_WHAT YOU NEED TO DO_: Would you return exactly the lines below from the line with "Han Solo - Hibernation" through the line with "Unisex Adult Block", both included, and nothing else, leaving out the pictures?

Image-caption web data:
▽
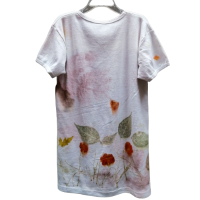 Cotton Tshirt Ecoprint 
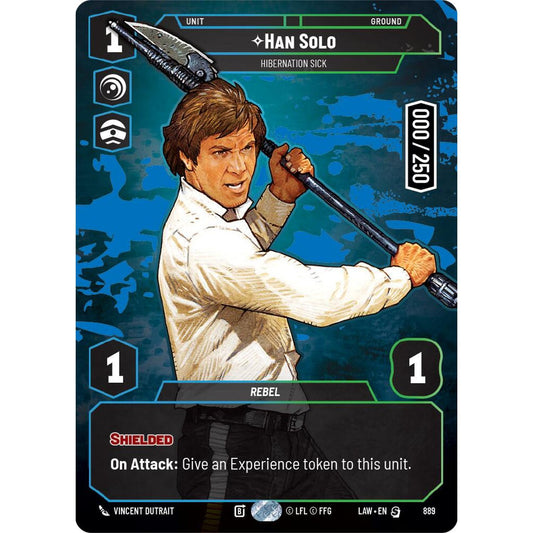 Han Solo - Hibernation Sick (Serialized) (889) (889) [A Lawless Time]
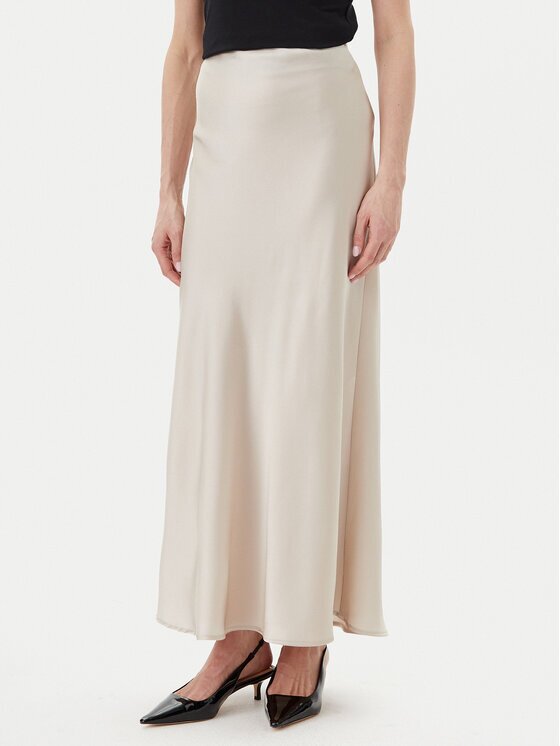 Bruuns Bazaar Макси пола Joanelle BBW4296 Екрю Regular Fit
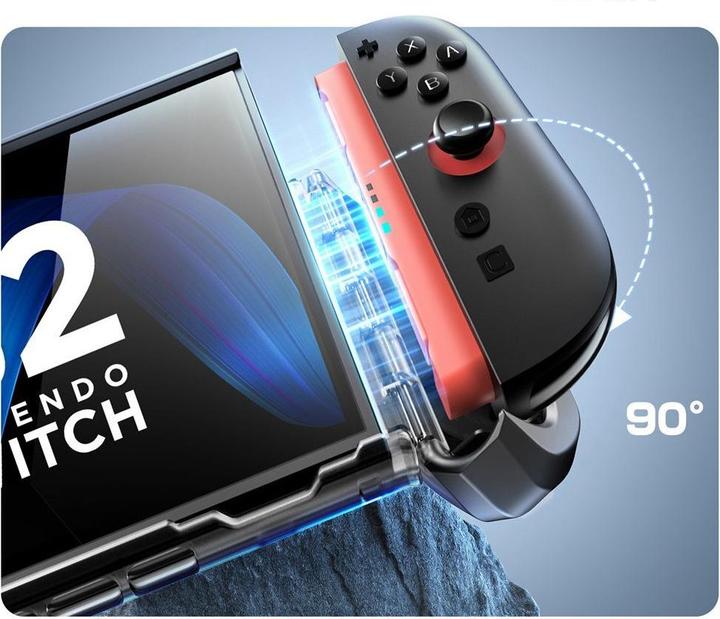 Produktbild Supcase Blade Case für Nintendo Switch 2 - Schwarz (Switch)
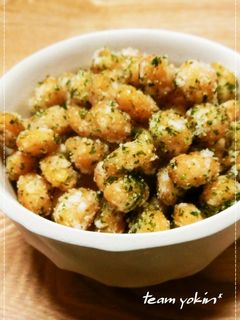 簡単おつまみ♪青のり大豆-レシピのメイン写真
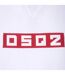 Unisex Adult Block Logo Sweatshirt White DSquared2-3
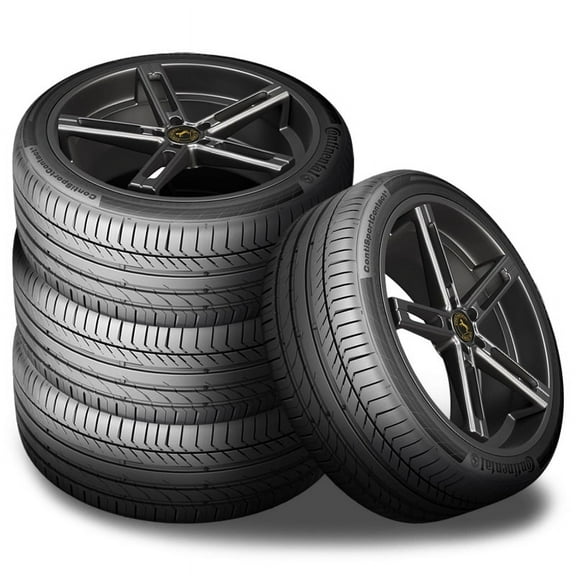 4 Continental ContiSportContact 5 255/35R19 96Y Ultra High Performance Summer 3563810000 / 255/35/19 / 2553519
△
_ANSWER FOR THIS EXERCISE_:
 Han Solo - Hibernation Sick (Serialized) (889) (889) [A Lawless Time]
 Bruuns Bazaar Макси пола Joanelle BBW4296 Екрю Regular Fit
 Produktbild Supcase Blade Case für Nintendo Switch 2 - Schwarz (Switch)
 簡単おつまみ♪青のり大豆-レシピのメイン写真
 Unisex Adult Block Logo Sweatshirt White DSquared2-3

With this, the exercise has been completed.